───── Records supplied

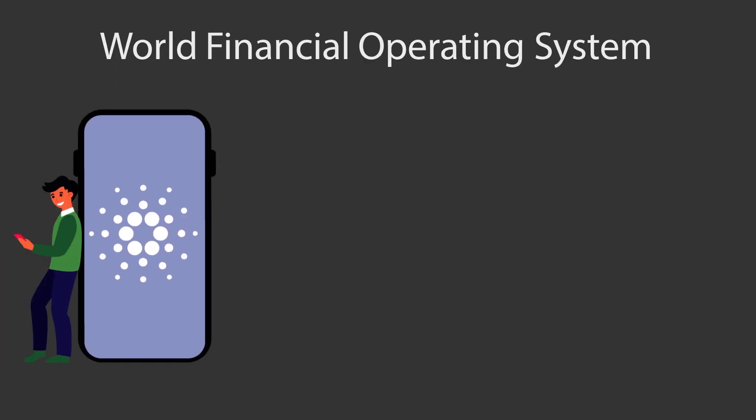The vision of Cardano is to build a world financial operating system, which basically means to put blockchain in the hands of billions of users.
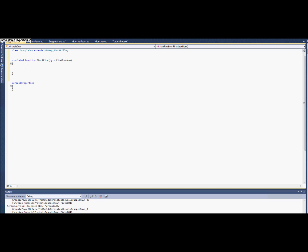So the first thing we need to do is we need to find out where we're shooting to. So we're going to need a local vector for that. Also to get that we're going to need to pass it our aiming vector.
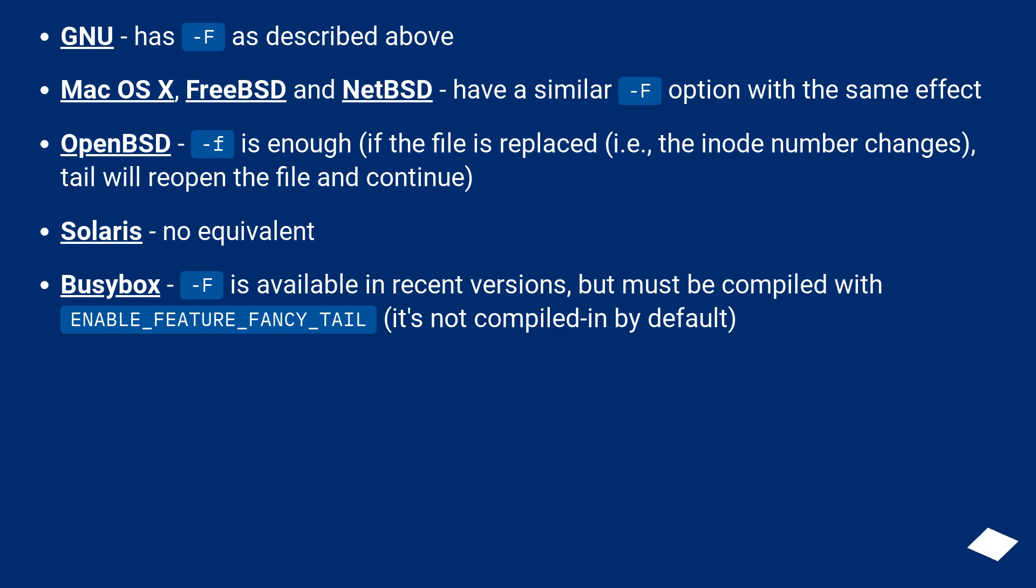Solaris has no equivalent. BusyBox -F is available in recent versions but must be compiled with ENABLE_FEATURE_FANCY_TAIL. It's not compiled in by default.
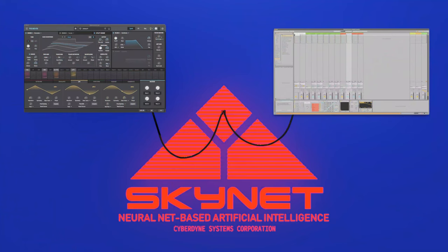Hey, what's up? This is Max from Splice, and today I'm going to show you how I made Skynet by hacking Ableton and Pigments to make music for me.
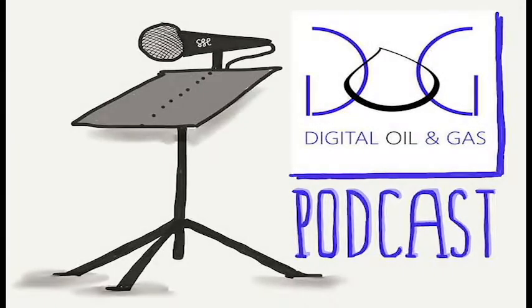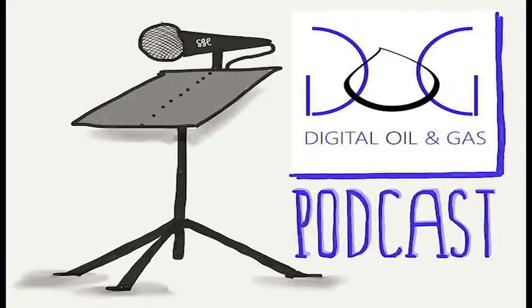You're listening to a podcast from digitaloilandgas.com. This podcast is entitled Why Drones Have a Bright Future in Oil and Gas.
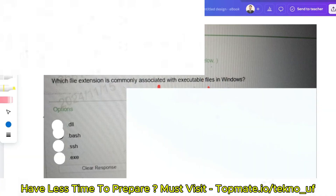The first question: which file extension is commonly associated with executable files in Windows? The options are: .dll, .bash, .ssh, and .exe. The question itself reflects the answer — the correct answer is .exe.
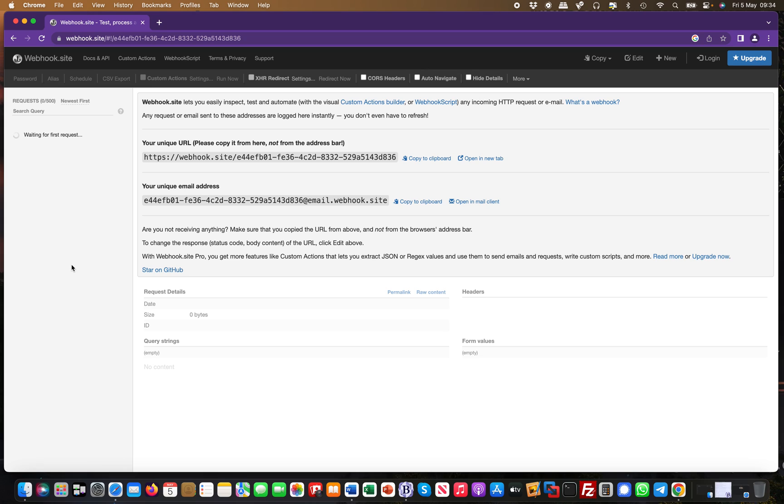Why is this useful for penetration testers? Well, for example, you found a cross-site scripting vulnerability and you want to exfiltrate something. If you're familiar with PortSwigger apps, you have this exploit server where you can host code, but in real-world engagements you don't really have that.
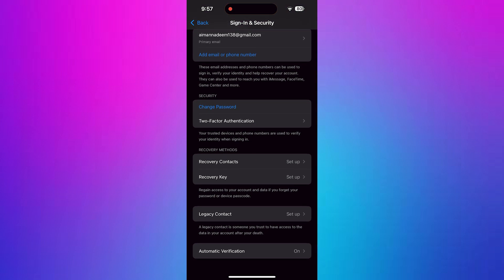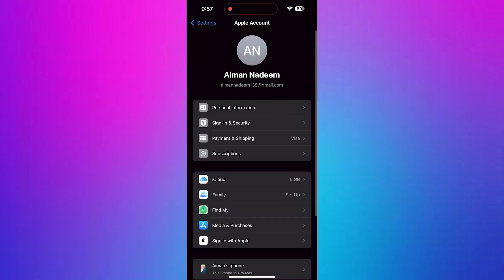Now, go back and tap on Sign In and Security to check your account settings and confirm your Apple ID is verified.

──────────
───── Records supplied

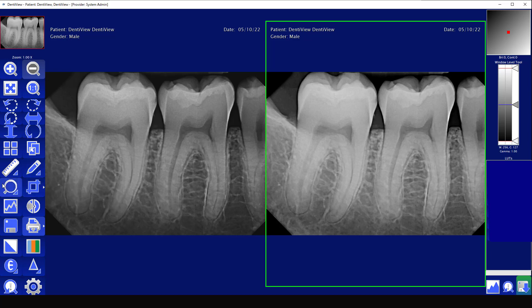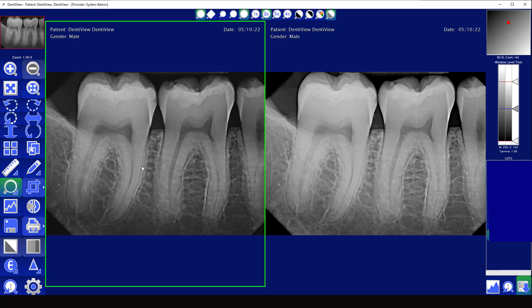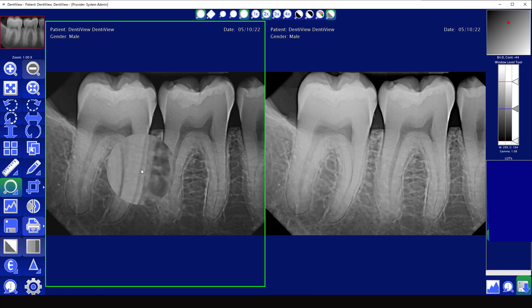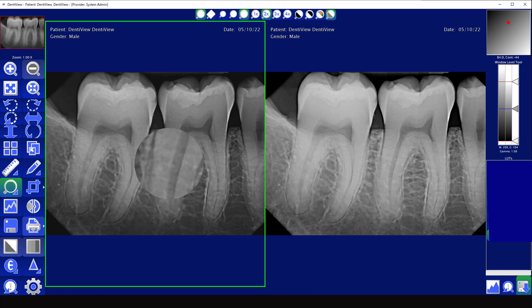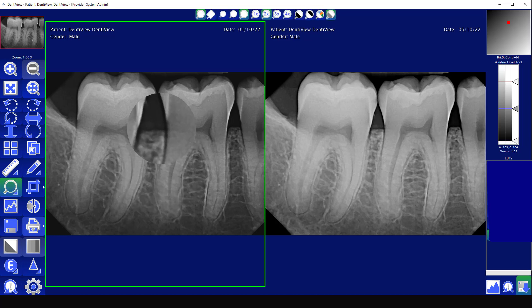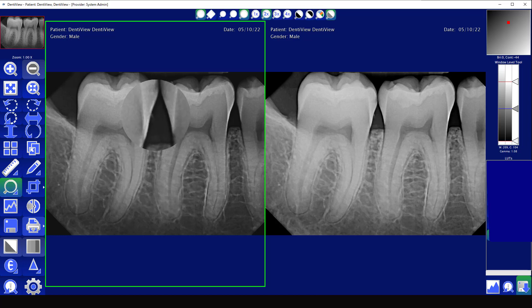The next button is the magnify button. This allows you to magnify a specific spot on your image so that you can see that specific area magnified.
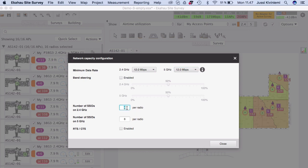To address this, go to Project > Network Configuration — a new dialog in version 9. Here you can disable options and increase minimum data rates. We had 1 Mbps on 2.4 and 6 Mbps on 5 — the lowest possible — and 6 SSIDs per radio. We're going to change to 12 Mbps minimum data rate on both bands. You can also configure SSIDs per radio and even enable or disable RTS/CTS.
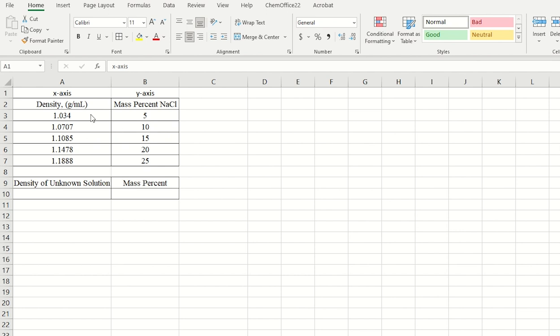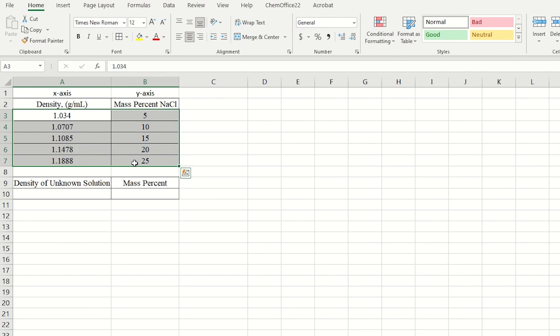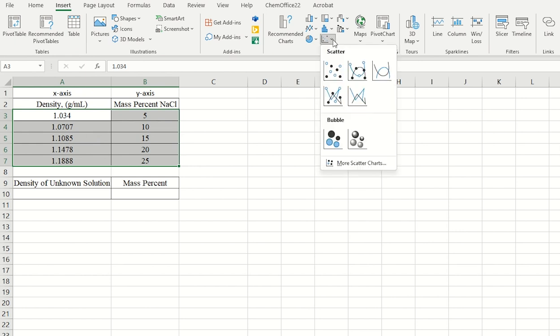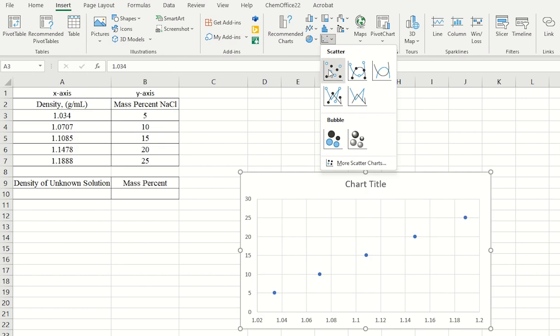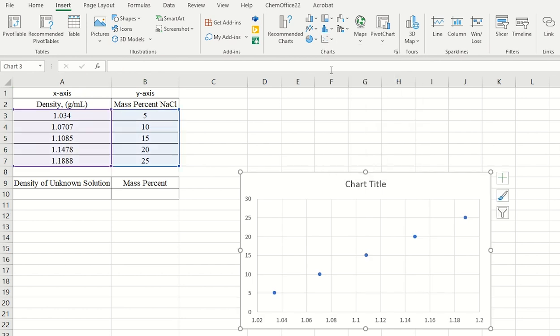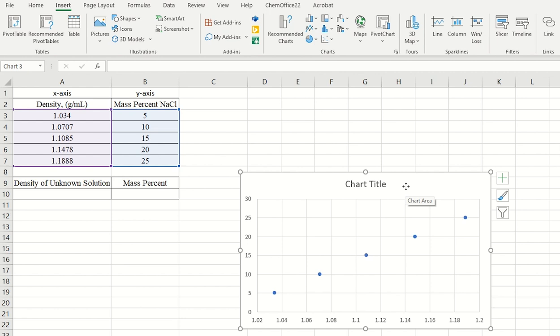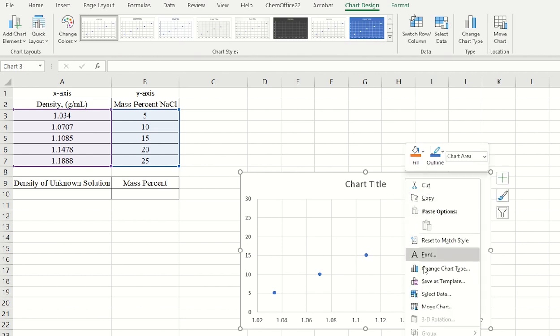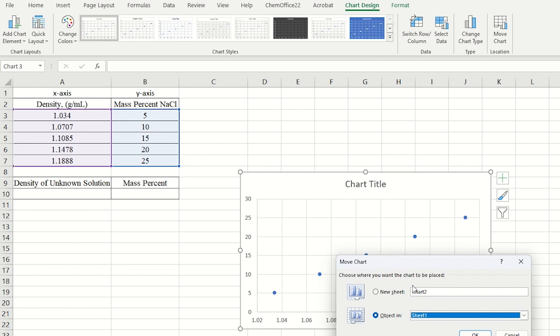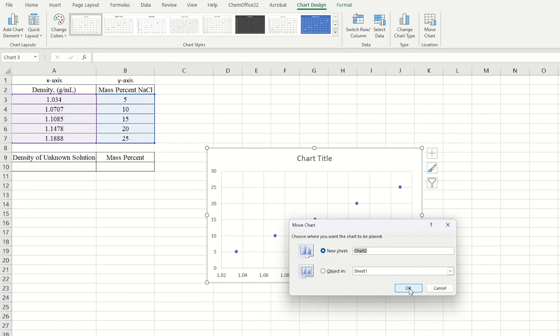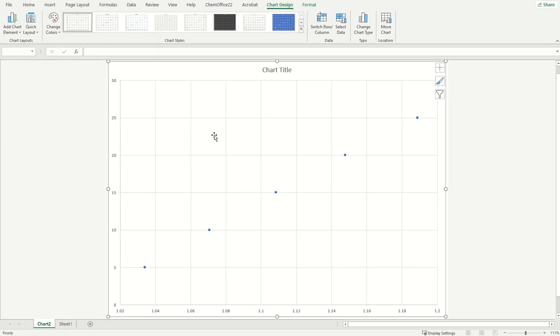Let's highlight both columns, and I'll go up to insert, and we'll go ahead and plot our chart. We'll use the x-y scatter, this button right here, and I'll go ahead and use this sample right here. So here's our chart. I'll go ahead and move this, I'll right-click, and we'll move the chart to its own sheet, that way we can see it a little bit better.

──────────

All pictures are to be skipped. Output, word for word, the lines in the data above starting at the line containing "The vision of" and ending at the line containing "Hey, what's up?".

▸ Solution
The vision of Cardano is to build a world financial operating system, which basically means to put blockchain in the hands of billions of users.
So the first thing we need to do is we need to find out where we're shooting to. So we're going to need a local vector for that. Also to get that we're going to need to pass it our aiming vector.
Solaris has no equivalent. BusyBox -F is available in recent versions but must be compiled with ENABLE_FEATURE_FANCY_TAIL. It's not compiled in by default.
Hey, what's up? This is Max from Splice, and today I'm going to show you how I made Skynet by hacking Ableton and Pigments to make music for me.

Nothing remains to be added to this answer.